:: TASK DETAILS ::
Starting at the line that contains "A large Mexican" and stopping after the line that contains "Singer recording vocals", transcribe the listing below exactly; do not include any pictures.

:: SOURCE DATA ::
***

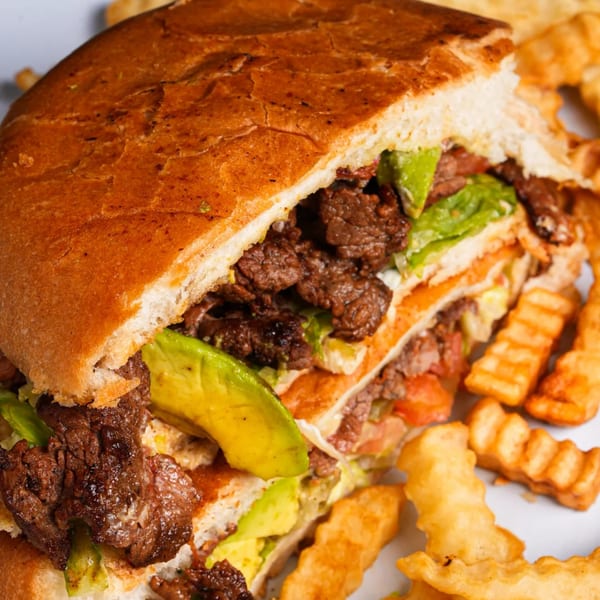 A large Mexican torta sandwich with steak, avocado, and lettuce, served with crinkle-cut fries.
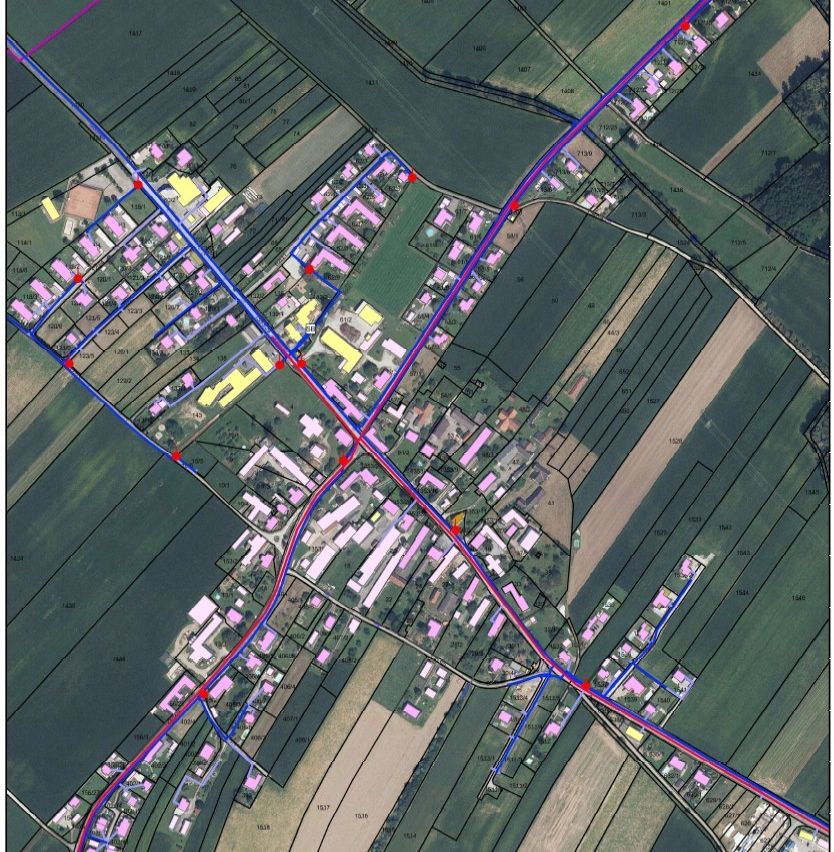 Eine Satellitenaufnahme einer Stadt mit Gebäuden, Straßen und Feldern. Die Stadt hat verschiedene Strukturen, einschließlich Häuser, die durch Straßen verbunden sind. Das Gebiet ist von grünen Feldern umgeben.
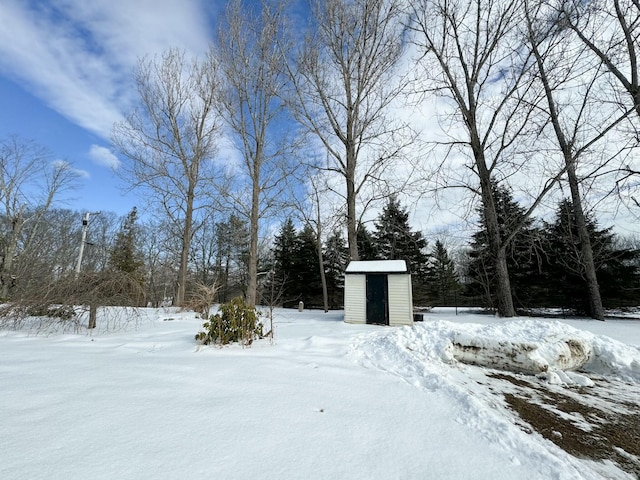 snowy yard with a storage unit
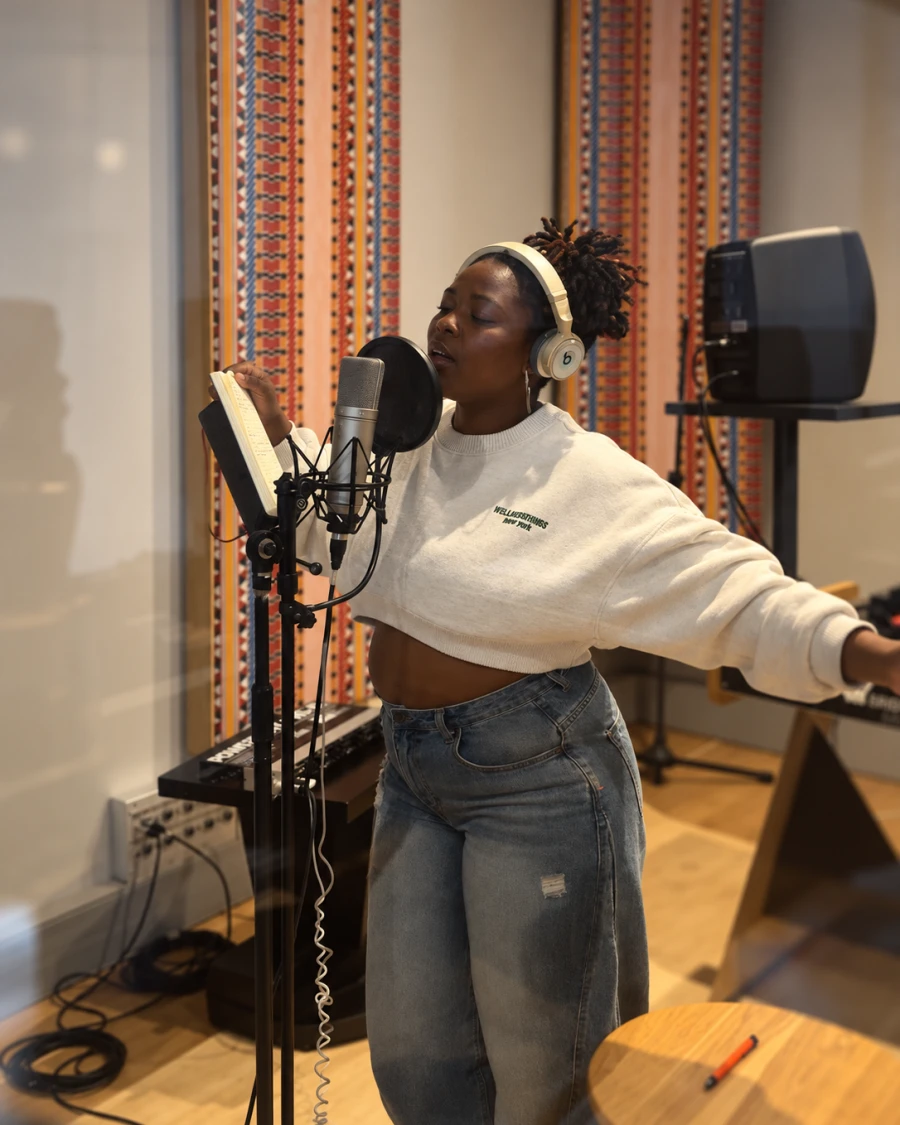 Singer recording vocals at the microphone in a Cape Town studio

***

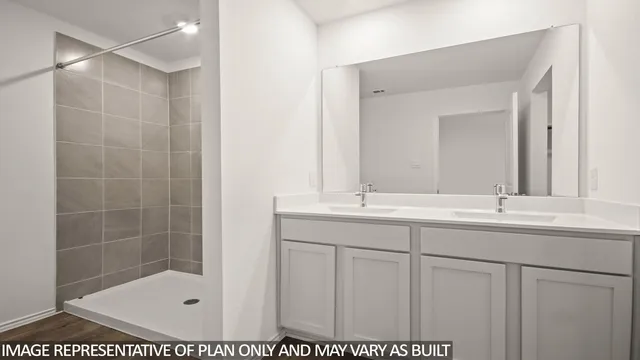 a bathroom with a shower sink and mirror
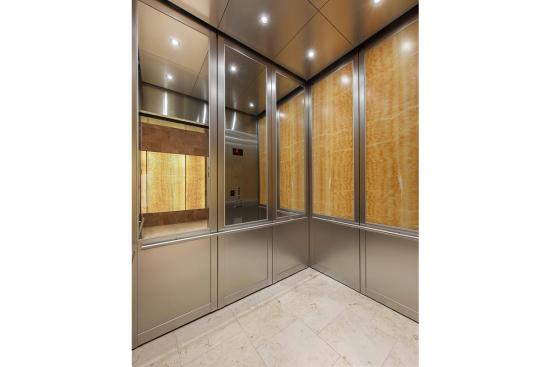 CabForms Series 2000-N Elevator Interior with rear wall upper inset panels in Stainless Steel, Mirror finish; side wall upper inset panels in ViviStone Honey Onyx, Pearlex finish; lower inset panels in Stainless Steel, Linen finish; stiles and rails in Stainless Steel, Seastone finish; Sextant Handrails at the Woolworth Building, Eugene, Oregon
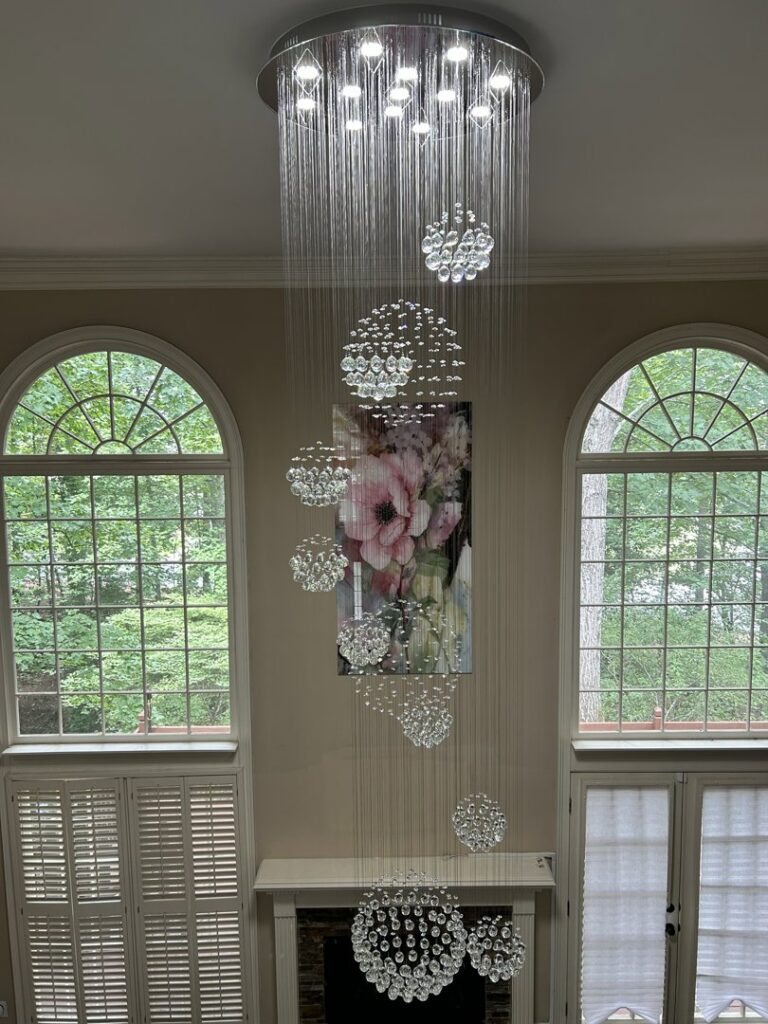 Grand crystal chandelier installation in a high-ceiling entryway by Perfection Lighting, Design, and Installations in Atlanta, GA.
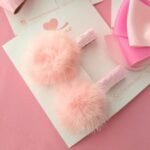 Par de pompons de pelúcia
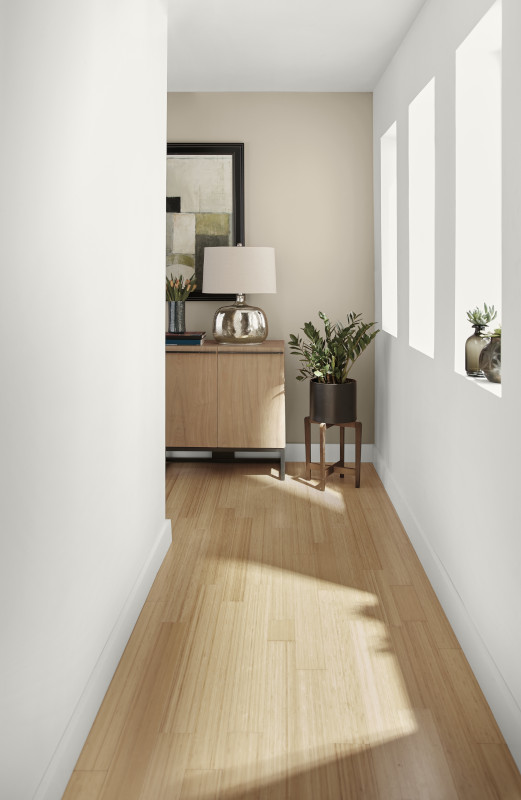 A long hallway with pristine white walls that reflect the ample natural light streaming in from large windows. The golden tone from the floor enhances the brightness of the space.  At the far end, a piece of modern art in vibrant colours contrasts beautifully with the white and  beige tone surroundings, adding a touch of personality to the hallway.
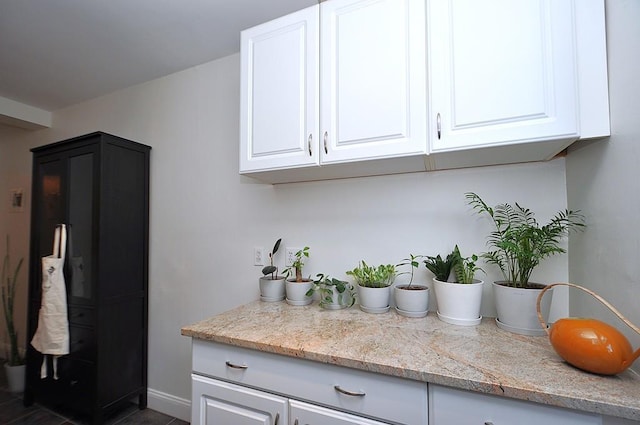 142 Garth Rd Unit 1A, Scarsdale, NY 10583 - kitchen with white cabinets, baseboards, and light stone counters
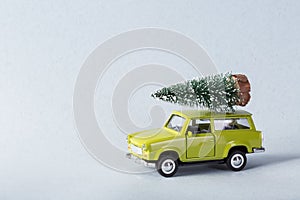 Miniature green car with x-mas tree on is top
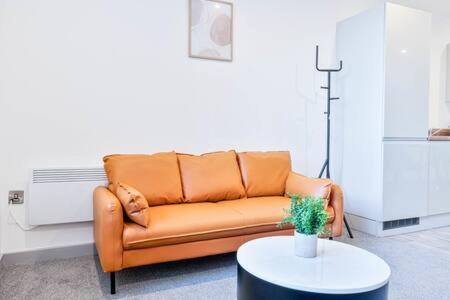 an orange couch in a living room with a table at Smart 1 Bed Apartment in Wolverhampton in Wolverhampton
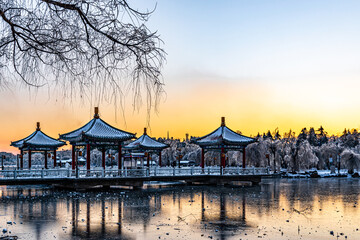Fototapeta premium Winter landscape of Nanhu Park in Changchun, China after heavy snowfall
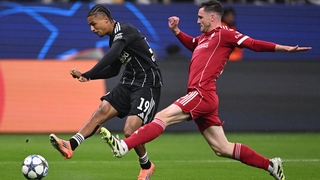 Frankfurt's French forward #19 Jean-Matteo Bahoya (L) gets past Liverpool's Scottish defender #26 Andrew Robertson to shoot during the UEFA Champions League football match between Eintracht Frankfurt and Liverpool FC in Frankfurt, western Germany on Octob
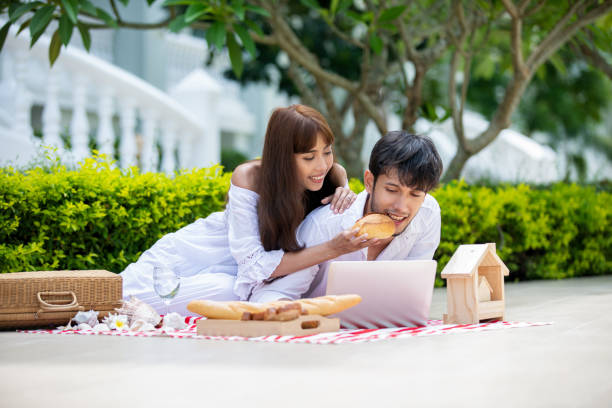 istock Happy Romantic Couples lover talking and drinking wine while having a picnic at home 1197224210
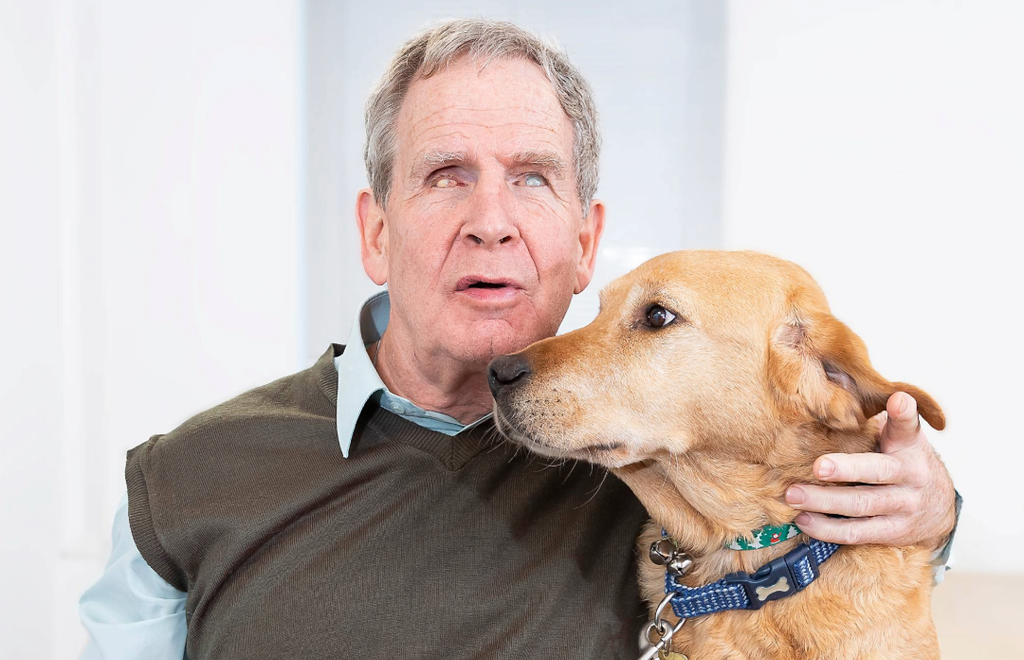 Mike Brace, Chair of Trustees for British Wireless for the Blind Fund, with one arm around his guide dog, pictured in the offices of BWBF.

***

:: TASK RESPONSE ::
 A large Mexican torta sandwich with steak, avocado, and lettuce, served with crinkle-cut fries.
 Eine Satellitenaufnahme einer Stadt mit Gebäuden, Straßen und Feldern. Die Stadt hat verschiedene Strukturen, einschließlich Häuser, die durch Straßen verbunden sind. Das Gebiet ist von grünen Feldern umgeben.
 snowy yard with a storage unit
 Singer recording vocals at the microphone in a Cape Town studio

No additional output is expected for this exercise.